在 dplyr 中使用变量列名汇总 [英] using variable column names in dplyr summarise
问题描述
我发现这个问题已经问过了,但没有正确答案.R 在 dplyr 的汇总函数中使用变量列名一个>
I found this question already asked but without proper answer. R using variable column names in summarise function in dplyr
我想计算两列平均值的差值,但是列名应该是由变量提供的...到目前为止我发现只有函数as.name
将列名提供为文本,但这不知何故在这里不起作用......
I want to calculate the difference between two column means, but the column name should be provided by variables... So far I found only the function as.name
to provide column names as text, but this somehow doesn't work here...
修复列名就可以了.
x <- c('a','b')
df <- group_by(data.frame(a=c(1,2,3,4), b=c(2,3,4,5), c=c(1,1,2,2)), c)
df %>% summarise(mean(a) - mean(b))
对于可变列,它不起作用
With variable columns, it doesn't work
df %>% summarise(mean(x[1]) - mean(x[2]))

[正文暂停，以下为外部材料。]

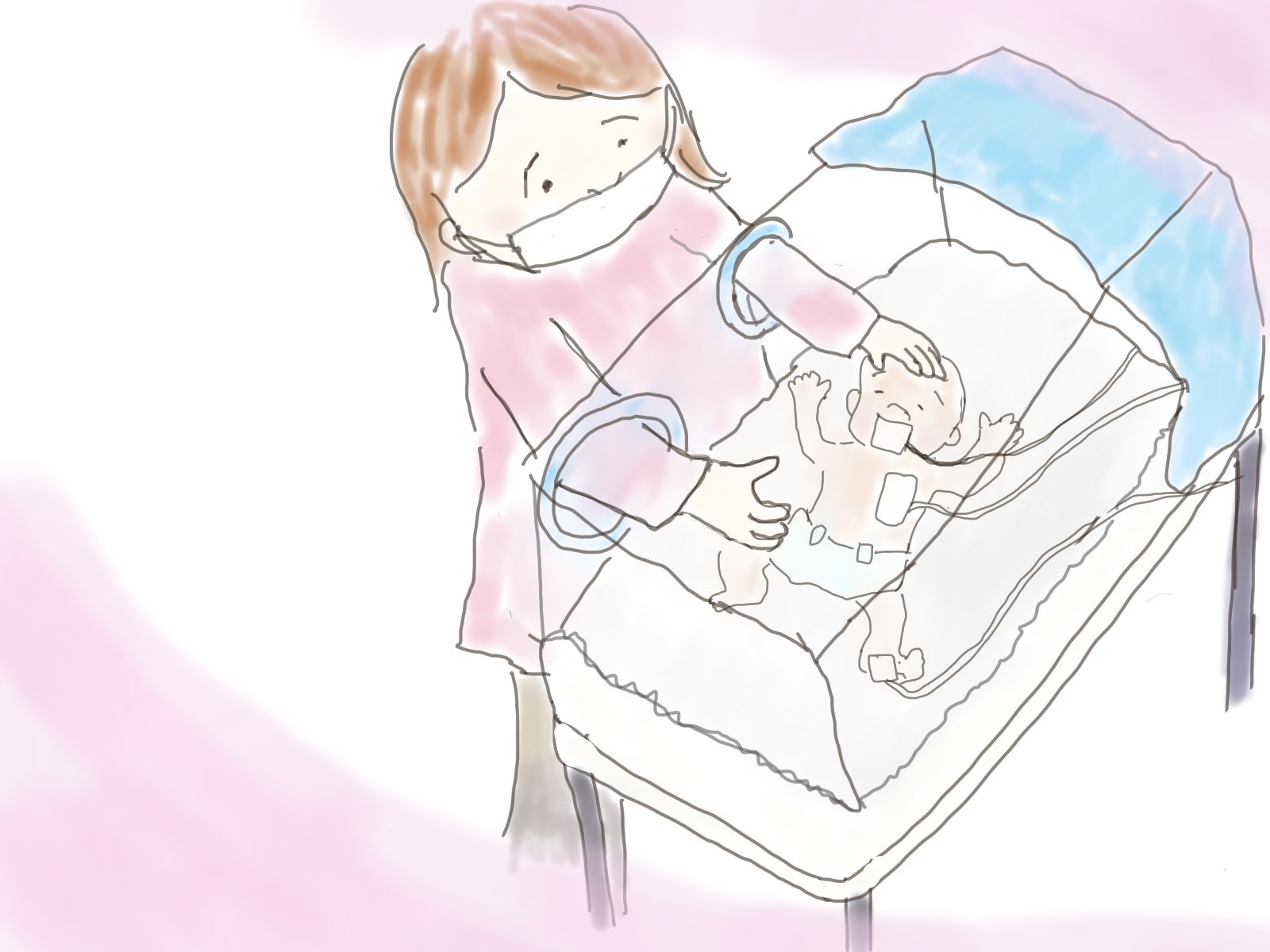 双子の妊娠にはさまざまなリスクがある：1.早産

df %>% summarise(mean(as.name(x[1])) - mean(as.name(x[2])))
由于 3 年前就有人问过这个问题,而且 dplyr
正在开发中,我想知道现在是否有答案.
Since this was asked already 3 years ago and dplyr
is under good development, I am wondering if there is an answer to this now.
推荐答案
你可以使用 base::get
:
df %>% summarise(mean(get(x[1])) - mean(get(x[2])))
# # A tibble: 2 x 2
# c `mean(a) - mean(b)`
# <dbl> <dbl>
# 1 1 -1
# 2 2 -1
get
默认会在当前环境中搜索.
get
will search in current environment by default.
正如错误消息所说,mean
需要一个逻辑或数字对象,as.name
返回一个名称:
As the error message says, mean
expects a logical or numeric object, as.name
returns a name:
class(as.name("a")) # [1] "name"
你可以评估你的名字,这也可以:
You could evaluate your name, that would work as well :
df %>% summarise(mean(eval(as.name(x[1]))) - mean(eval(as.name(x[2]))))
# # A tibble: 2 x 2
# c `mean(eval(as.name(x[1]))) - mean(eval(as.name(x[2])))`
# <dbl> <dbl>
# 1 1 -1
# 2 2 -1
这篇关于在 dplyr 中使用变量列名汇总的文章就介绍到这了,希望我们推荐的答案对大家有所帮助,也希望大家多多支持IT屋!